After accelerating through five straight weeks, India’s inflation rate eased to 7.14 per cent as on April 5, giving some respite to a worried government that has come under fire from opposition parties as well as political allies for the sharp rise in prices.
Official data released on Thursday showed the wholesale price index (WPI)-based inflation eased in the week ended April 5, because of a fall in prices of fruits, gur and certain edible oils, where the government has announced major tax cuts to boost supplies..
Economists said the drop in the inflation rate to 7.14 per cent from 7.41 per cent in the previous week was also because of what is called a “base effect” — meaning the price index was already at a relatively higher level in the same week last year.
The government measures, except those for edible oil, would take some time to kick in, they said.
The country annually consumes about 10 million tons of edible oils, with imports contributing half of that.

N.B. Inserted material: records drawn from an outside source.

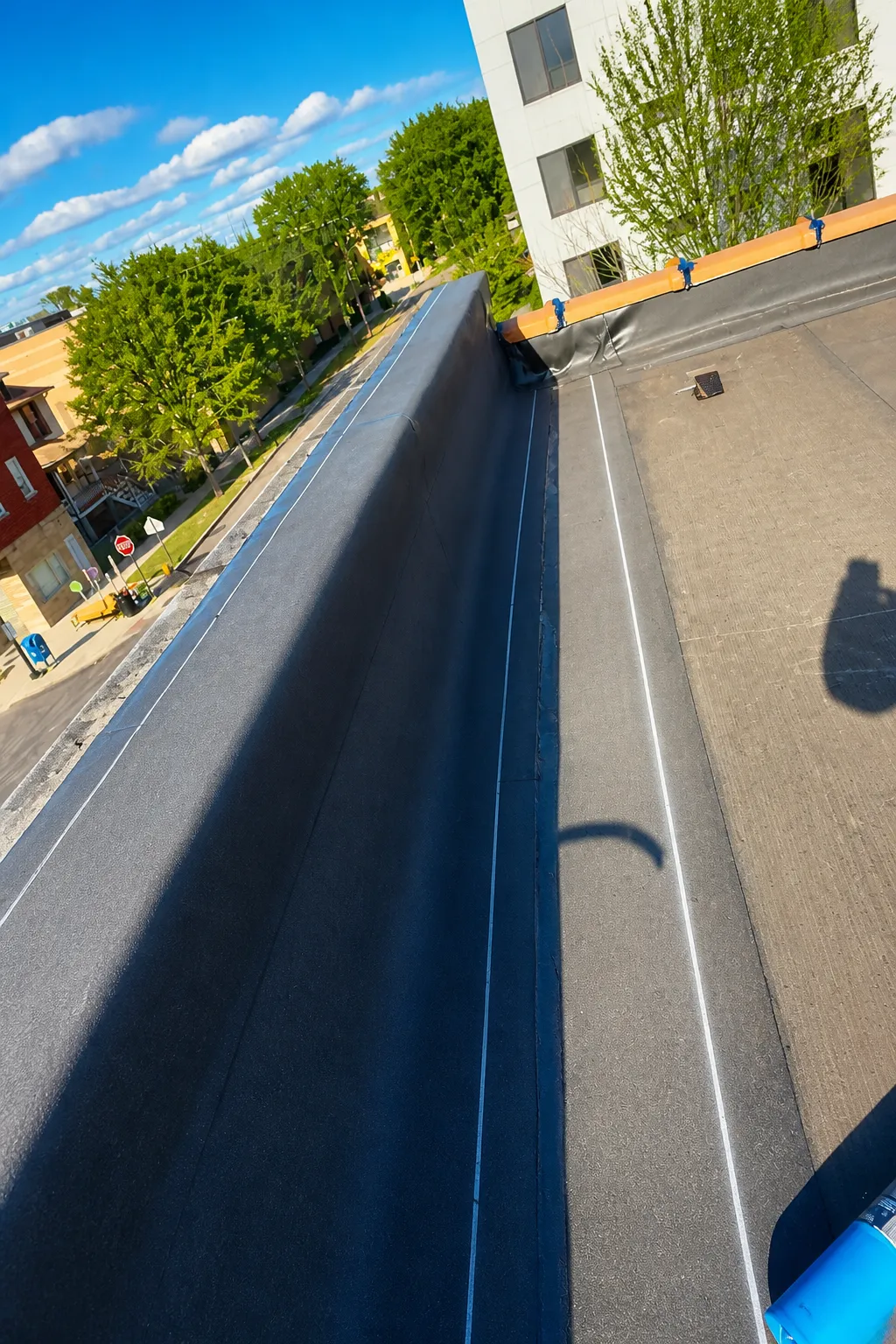 Chicago Flat Roofing Contractors project photo 4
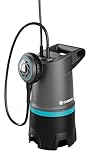 GARDENA Pompe sous-marine pour eau sale BASIC 20 000
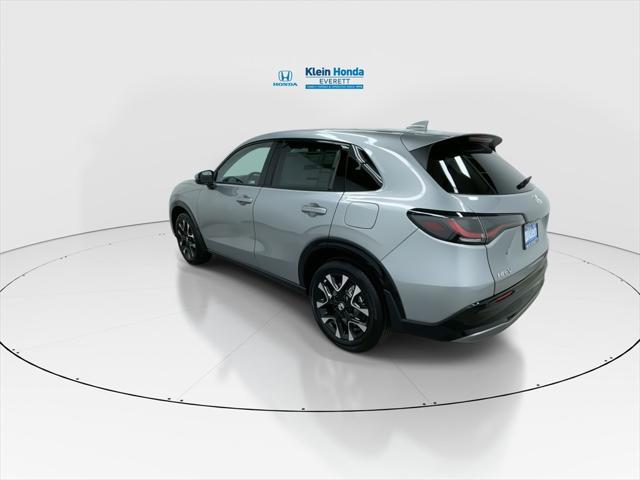 new 2026 Honda HR-V car, priced at $32,945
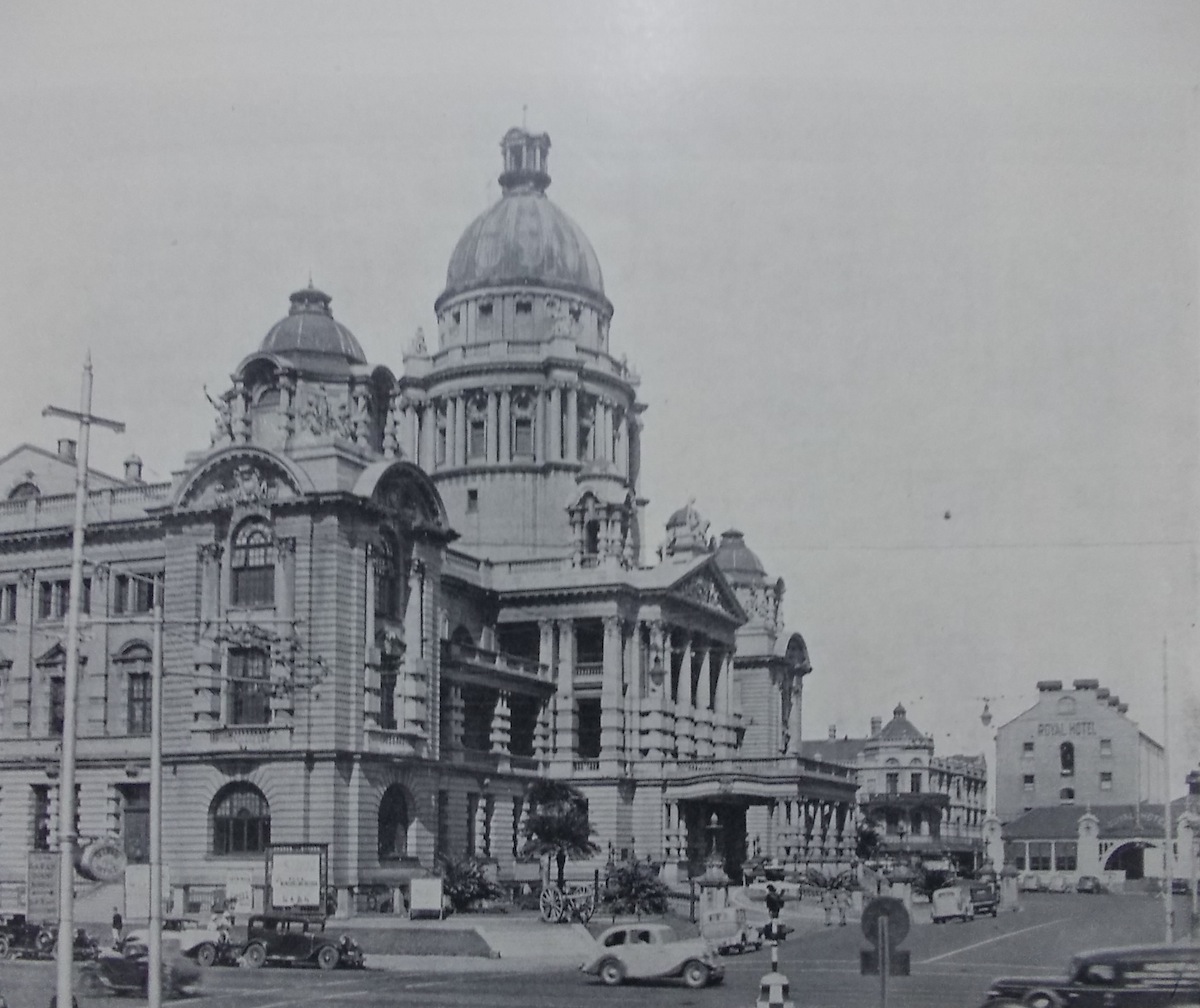 Durban Town Hall Nedbank Jubilee Booklet.jpg The Heritage Portal
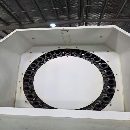 同款两台韩国威亚F500立加三轴行程：1060x510x635mm工.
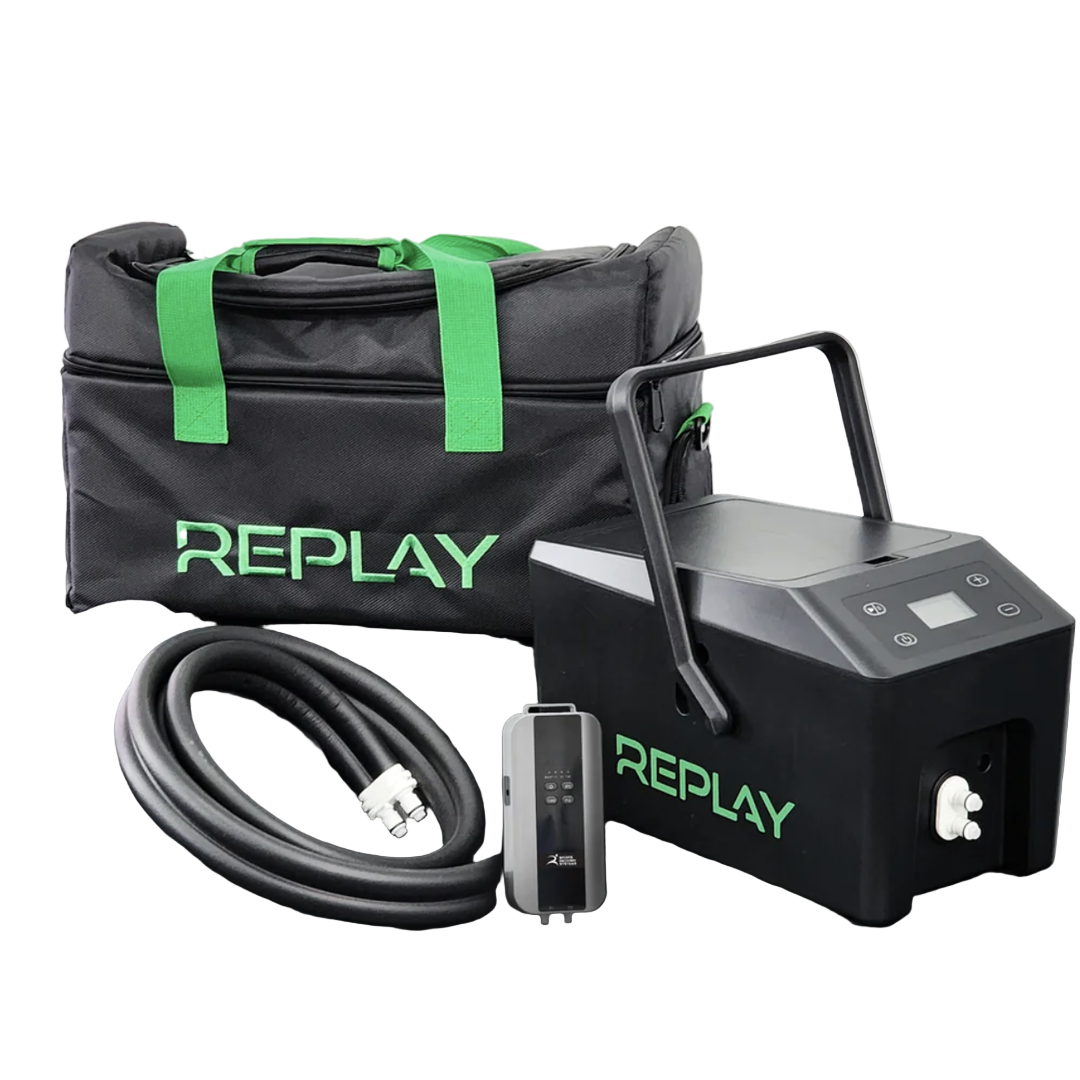 Ice compression therapy system for sports recovery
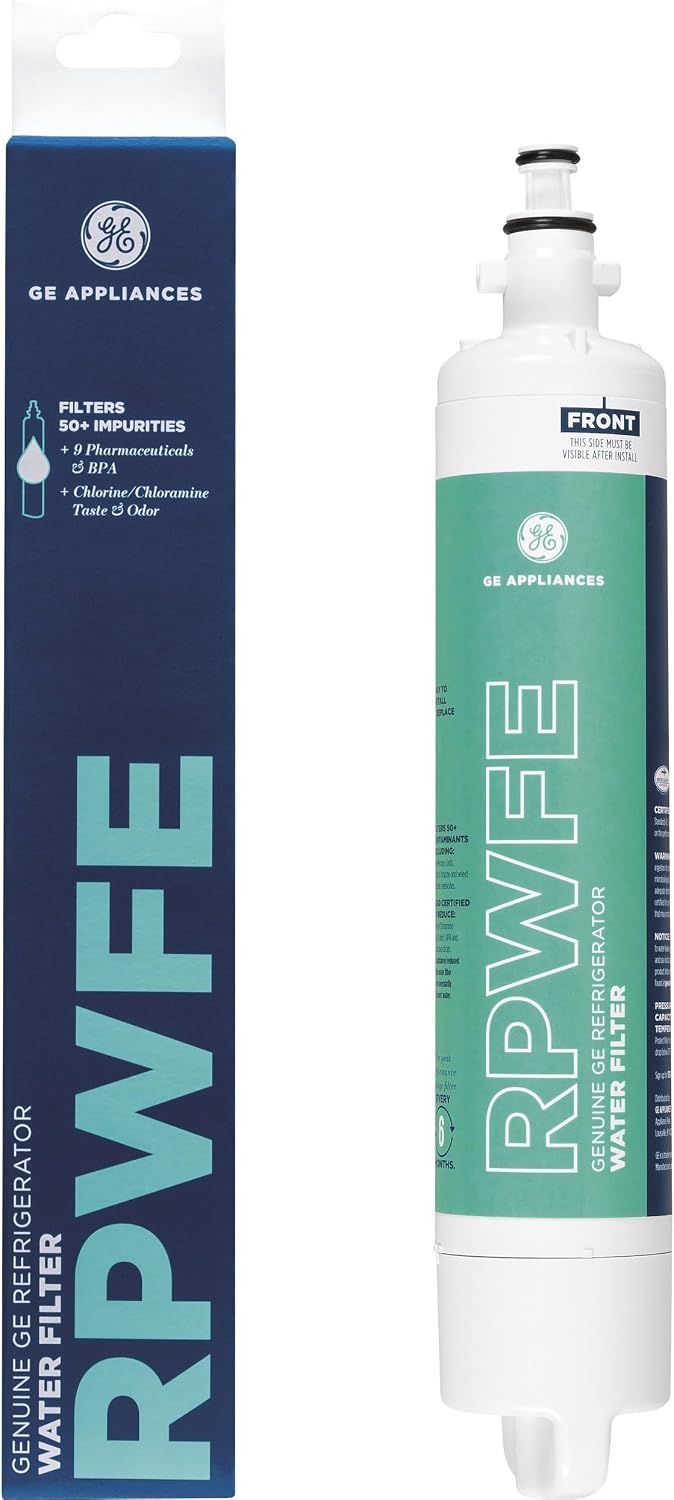 GE RPWFE Refrigerator Water Filter - WG03F04947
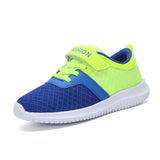 Kids Trainers Boy's Lightweight Running Shoes Athletic School Outdoor Sneakers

In February, India’s vegetable oils imports grew by nearly 300 per cent to 430,000 tonnes compared with 150,000 tonnes in the previous year. This month the government slashed import duties on several varieties of edible oil including sunflower oil, palm oil, vanaspati and olive oil. The prices of vegetables, tea, pulses and coconut oil, however, continued to rise, while those of steel and aviation turbine fuel also rose in the latest reported week.
“A fall in edible oil prices is partly reflected in the dip in inflation rate, but it is also because of a high base last year,” said DK Joshi, principal economist of consulting and credit rating firm Crisil.
All told, the inflation rate is still at worrisome level and threatens to derail the “India growth story”.
Jayati Ghosh, a Professor of Economics at Jawaharlal Nehru University, said a fall in prices would primarily depend on how the government handles the food economy.
Finance Minister P Chidambaram told parliament on Wednesday that the government, which has already slashed food duties and banned exports of pulses and other foods, would come down hard on steel and cement companies if found to be forming a price cartel.